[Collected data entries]
=== Begin Enclosure ===
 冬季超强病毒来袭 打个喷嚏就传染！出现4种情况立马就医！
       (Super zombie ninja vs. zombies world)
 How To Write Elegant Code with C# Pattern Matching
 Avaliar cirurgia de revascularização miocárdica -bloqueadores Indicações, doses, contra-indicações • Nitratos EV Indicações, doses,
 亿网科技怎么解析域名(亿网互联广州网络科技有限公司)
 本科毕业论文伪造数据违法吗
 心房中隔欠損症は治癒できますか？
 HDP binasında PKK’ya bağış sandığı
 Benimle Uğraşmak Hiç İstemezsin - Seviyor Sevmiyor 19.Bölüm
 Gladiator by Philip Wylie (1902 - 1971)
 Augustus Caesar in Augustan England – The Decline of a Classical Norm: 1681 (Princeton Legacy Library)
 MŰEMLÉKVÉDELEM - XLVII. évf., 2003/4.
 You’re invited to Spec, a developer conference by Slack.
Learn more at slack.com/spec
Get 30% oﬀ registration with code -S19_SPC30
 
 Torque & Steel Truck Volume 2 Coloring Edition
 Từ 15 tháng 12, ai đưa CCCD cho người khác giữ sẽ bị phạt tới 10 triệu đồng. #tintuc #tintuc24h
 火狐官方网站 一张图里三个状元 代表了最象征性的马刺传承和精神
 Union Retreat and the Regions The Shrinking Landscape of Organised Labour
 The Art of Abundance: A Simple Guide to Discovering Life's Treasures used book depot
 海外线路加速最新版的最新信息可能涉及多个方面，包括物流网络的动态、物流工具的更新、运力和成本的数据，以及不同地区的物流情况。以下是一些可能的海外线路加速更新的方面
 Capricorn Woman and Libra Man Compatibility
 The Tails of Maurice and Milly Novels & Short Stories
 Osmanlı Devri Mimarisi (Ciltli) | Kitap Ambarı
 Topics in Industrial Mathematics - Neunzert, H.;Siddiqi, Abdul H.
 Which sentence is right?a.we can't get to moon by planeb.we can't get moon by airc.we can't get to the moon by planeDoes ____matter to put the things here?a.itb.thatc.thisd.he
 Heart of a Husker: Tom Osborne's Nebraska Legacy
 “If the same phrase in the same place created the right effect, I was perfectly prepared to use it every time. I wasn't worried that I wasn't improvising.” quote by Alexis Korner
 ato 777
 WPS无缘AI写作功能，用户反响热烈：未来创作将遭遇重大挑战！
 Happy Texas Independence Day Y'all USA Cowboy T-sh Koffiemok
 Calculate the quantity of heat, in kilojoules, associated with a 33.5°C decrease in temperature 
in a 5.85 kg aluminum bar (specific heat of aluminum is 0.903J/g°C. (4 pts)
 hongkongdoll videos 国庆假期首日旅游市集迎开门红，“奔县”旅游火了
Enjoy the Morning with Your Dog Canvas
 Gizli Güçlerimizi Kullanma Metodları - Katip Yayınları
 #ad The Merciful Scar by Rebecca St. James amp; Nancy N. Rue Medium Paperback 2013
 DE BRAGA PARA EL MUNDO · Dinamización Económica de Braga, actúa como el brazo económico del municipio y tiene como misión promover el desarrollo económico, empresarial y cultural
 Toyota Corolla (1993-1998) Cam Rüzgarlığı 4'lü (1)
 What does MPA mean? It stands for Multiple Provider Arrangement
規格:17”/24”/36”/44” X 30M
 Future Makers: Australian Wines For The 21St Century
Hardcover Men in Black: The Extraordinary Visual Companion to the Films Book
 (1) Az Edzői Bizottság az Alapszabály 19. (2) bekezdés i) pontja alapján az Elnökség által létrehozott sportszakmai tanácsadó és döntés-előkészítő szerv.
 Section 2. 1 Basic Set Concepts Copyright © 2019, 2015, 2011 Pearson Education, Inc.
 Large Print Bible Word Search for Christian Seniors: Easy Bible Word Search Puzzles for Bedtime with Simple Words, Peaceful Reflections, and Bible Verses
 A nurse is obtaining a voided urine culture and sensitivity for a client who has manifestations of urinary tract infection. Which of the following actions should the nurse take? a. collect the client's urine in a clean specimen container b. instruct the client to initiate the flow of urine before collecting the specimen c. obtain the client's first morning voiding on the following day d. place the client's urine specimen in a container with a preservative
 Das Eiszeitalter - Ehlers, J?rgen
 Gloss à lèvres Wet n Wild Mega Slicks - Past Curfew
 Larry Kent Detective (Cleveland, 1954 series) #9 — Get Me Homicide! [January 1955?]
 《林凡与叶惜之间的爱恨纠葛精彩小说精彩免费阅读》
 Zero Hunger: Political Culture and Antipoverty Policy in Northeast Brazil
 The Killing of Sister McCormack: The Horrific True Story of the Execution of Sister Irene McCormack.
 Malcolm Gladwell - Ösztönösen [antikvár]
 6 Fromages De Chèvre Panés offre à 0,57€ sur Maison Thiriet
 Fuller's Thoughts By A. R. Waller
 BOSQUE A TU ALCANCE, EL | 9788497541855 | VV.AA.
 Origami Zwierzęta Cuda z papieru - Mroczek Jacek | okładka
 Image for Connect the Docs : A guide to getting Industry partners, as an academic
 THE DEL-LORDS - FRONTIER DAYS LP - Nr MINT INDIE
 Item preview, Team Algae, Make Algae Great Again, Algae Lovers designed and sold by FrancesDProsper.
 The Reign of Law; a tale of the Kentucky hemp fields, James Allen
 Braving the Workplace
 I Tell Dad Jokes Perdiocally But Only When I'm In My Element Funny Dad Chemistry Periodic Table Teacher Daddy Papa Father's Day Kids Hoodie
=== End Enclosure ===
_What the task asks:_
Look through the data above and return exactly the lines from the one that contains "Gladiator by Philip Wylie (1902 - 1971)" to the one that contains "#ad The Merciful", inclusive, with nothing else.

_Task output:_
 Gladiator by Philip Wylie (1902 - 1971)
 Augustus Caesar in Augustan England – The Decline of a Classical Norm: 1681 (Princeton Legacy Library)
 MŰEMLÉKVÉDELEM - XLVII. évf., 2003/4.
 You’re invited to Spec, a developer conference by Slack.
Learn more at slack.com/spec
Get 30% oﬀ registration with code -S19_SPC30
 
 Torque & Steel Truck Volume 2 Coloring Edition
 Từ 15 tháng 12, ai đưa CCCD cho người khác giữ sẽ bị phạt tới 10 triệu đồng. #tintuc #tintuc24h
 火狐官方网站 一张图里三个状元 代表了最象征性的马刺传承和精神
 Union Retreat and the Regions The Shrinking Landscape of Organised Labour
 The Art of Abundance: A Simple Guide to Discovering Life's Treasures used book depot
 海外线路加速最新版的最新信息可能涉及多个方面，包括物流网络的动态、物流工具的更新、运力和成本的数据，以及不同地区的物流情况。以下是一些可能的海外线路加速更新的方面
 Capricorn Woman and Libra Man Compatibility
 The Tails of Maurice and Milly Novels & Short Stories
 Osmanlı Devri Mimarisi (Ciltli) | Kitap Ambarı
 Topics in Industrial Mathematics - Neunzert, H.;Siddiqi, Abdul H.
 Which sentence is right?a.we can't get to moon by planeb.we can't get moon by airc.we can't get to the moon by planeDoes ____matter to put the things here?a.itb.thatc.thisd.he
 Heart of a Husker: Tom Osborne's Nebraska Legacy
 “If the same phrase in the same place created the right effect, I was perfectly prepared to use it every time. I wasn't worried that I wasn't improvising.” quote by Alexis Korner
 ato 777
 WPS无缘AI写作功能，用户反响热烈：未来创作将遭遇重大挑战！
 Happy Texas Independence Day Y'all USA Cowboy T-sh Koffiemok
 Calculate the quantity of heat, in kilojoules, associated with a 33.5°C decrease in temperature 
in a 5.85 kg aluminum bar (specific heat of aluminum is 0.903J/g°C. (4 pts)
 hongkongdoll videos 国庆假期首日旅游市集迎开门红，“奔县”旅游火了
Enjoy the Morning with Your Dog Canvas
 Gizli Güçlerimizi Kullanma Metodları - Katip Yayınları
 #ad The Merciful Scar by Rebecca St. James amp; Nancy N. Rue Medium Paperback 2013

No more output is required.